[Records excerpted from a collection]

-------------------------

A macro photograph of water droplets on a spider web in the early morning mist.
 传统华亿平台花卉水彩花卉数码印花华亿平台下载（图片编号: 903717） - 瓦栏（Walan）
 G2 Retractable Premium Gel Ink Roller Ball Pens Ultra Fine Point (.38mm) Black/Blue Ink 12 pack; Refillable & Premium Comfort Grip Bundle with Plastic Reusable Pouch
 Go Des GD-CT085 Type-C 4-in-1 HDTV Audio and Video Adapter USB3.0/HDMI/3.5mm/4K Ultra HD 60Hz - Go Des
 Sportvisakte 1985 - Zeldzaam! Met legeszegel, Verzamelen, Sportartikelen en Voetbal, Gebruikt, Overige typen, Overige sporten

-------------------------

Directions for this task – Look above for the line that contains "G2 Retractable Premium". That line and every line after it through the end of the data must be written out exactly, with nothing else.

Written reply –
 G2 Retractable Premium Gel Ink Roller Ball Pens Ultra Fine Point (.38mm) Black/Blue Ink 12 pack; Refillable & Premium Comfort Grip Bundle with Plastic Reusable Pouch
 Go Des GD-CT085 Type-C 4-in-1 HDTV Audio and Video Adapter USB3.0/HDMI/3.5mm/4K Ultra HD 60Hz - Go Des
 Sportvisakte 1985 - Zeldzaam! Met legeszegel, Verzamelen, Sportartikelen en Voetbal, Gebruikt, Overige typen, Overige sporten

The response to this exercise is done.